Copy the lines below exactly. Start at the first and finish with the line containing "Slim Protection Case［".

#### Provided records

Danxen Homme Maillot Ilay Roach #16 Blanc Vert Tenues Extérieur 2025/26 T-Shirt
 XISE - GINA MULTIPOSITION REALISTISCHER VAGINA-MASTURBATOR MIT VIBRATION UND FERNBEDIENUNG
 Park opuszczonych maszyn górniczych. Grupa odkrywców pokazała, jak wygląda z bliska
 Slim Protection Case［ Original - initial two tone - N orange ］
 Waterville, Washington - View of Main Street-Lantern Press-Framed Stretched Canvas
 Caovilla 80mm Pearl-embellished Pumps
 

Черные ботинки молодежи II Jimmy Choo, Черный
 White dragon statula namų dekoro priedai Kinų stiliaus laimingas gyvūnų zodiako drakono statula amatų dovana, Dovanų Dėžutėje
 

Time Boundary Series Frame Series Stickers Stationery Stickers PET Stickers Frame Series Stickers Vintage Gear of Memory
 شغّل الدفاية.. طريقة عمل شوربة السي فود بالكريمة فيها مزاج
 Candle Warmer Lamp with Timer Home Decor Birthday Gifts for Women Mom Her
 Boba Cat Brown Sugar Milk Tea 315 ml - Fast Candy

########

**Solution for this exercise**:
Danxen Homme Maillot Ilay Roach #16 Blanc Vert Tenues Extérieur 2025/26 T-Shirt
 XISE - GINA MULTIPOSITION REALISTISCHER VAGINA-MASTURBATOR MIT VIBRATION UND FERNBEDIENUNG
 Park opuszczonych maszyn górniczych. Grupa odkrywców pokazała, jak wygląda z bliska
 Slim Protection Case［ Original - initial two tone - N orange ］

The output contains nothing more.